▶ **The data**
----

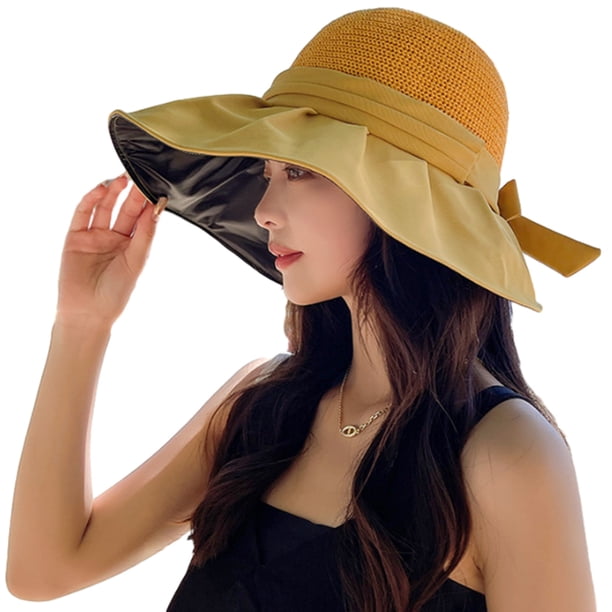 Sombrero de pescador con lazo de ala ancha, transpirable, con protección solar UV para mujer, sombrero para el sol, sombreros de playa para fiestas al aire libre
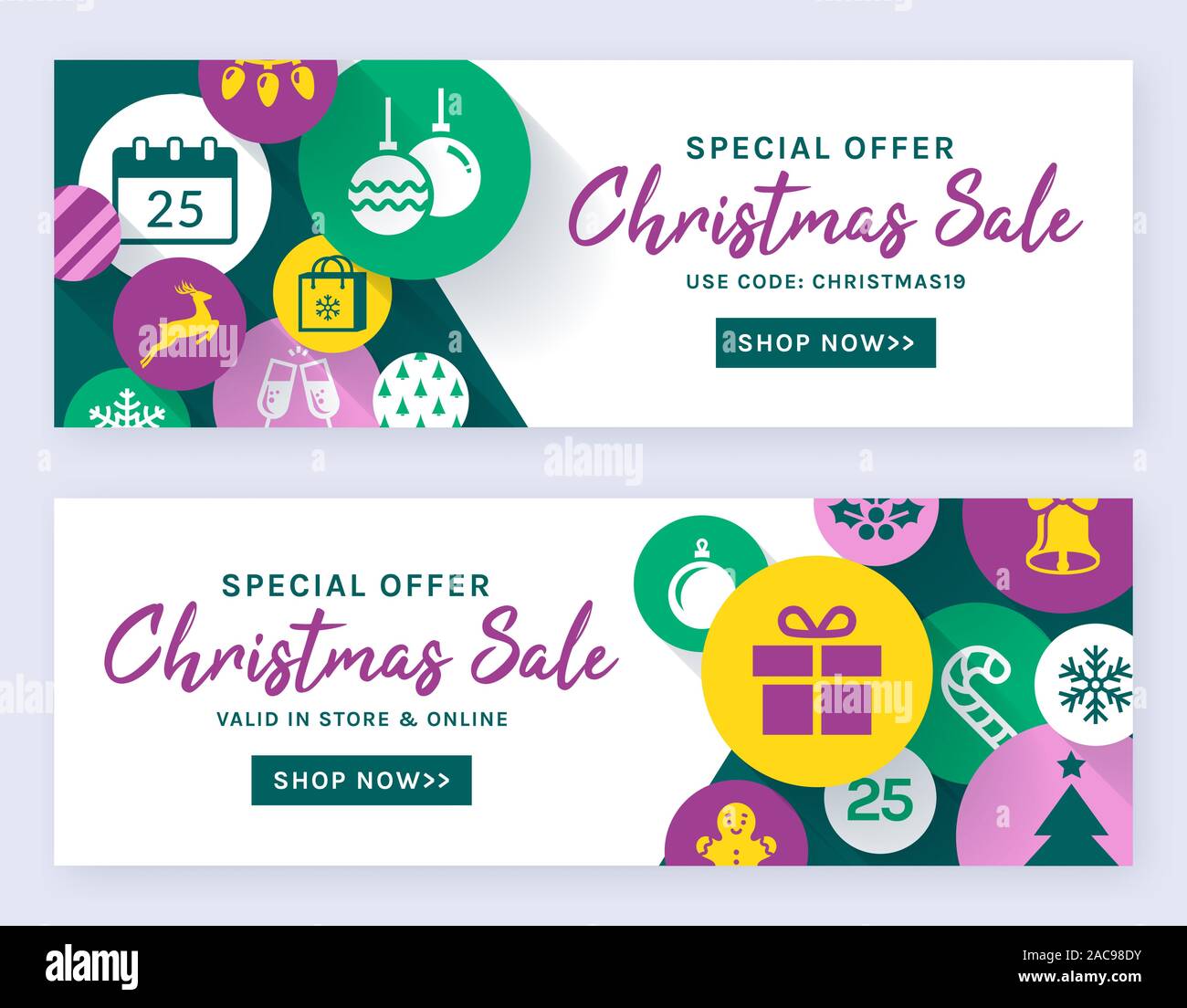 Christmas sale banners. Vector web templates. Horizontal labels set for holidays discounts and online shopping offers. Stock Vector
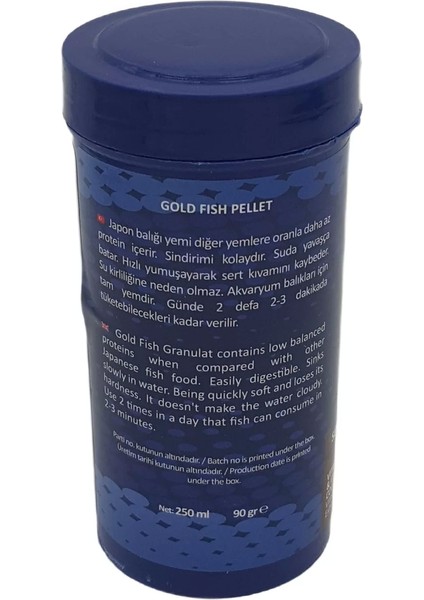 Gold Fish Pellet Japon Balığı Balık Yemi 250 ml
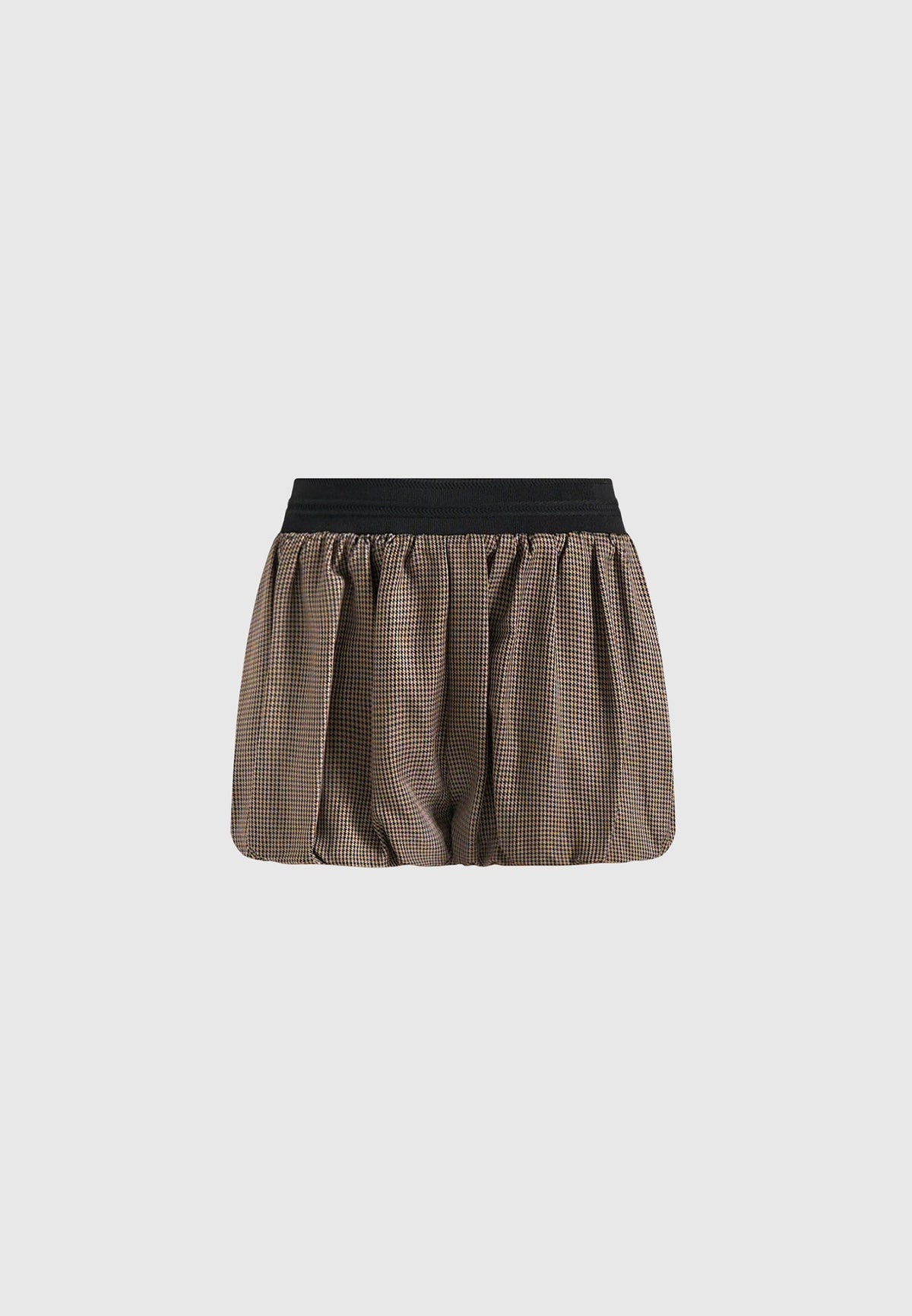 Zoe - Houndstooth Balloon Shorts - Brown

----

▶ **Prompt**
Recopy the full listing exactly, passing over any picture.

▶ **Answer section**
 Sombrero de pescador con lazo de ala ancha, transpirable, con protección solar UV para mujer, sombrero para el sol, sombreros de playa para fiestas al aire libre
 Christmas sale banners. Vector web templates. Horizontal labels set for holidays discounts and online shopping offers. Stock Vector
 Gold Fish Pellet Japon Balığı Balık Yemi 250 ml
 Zoe - Houndstooth Balloon Shorts - Brown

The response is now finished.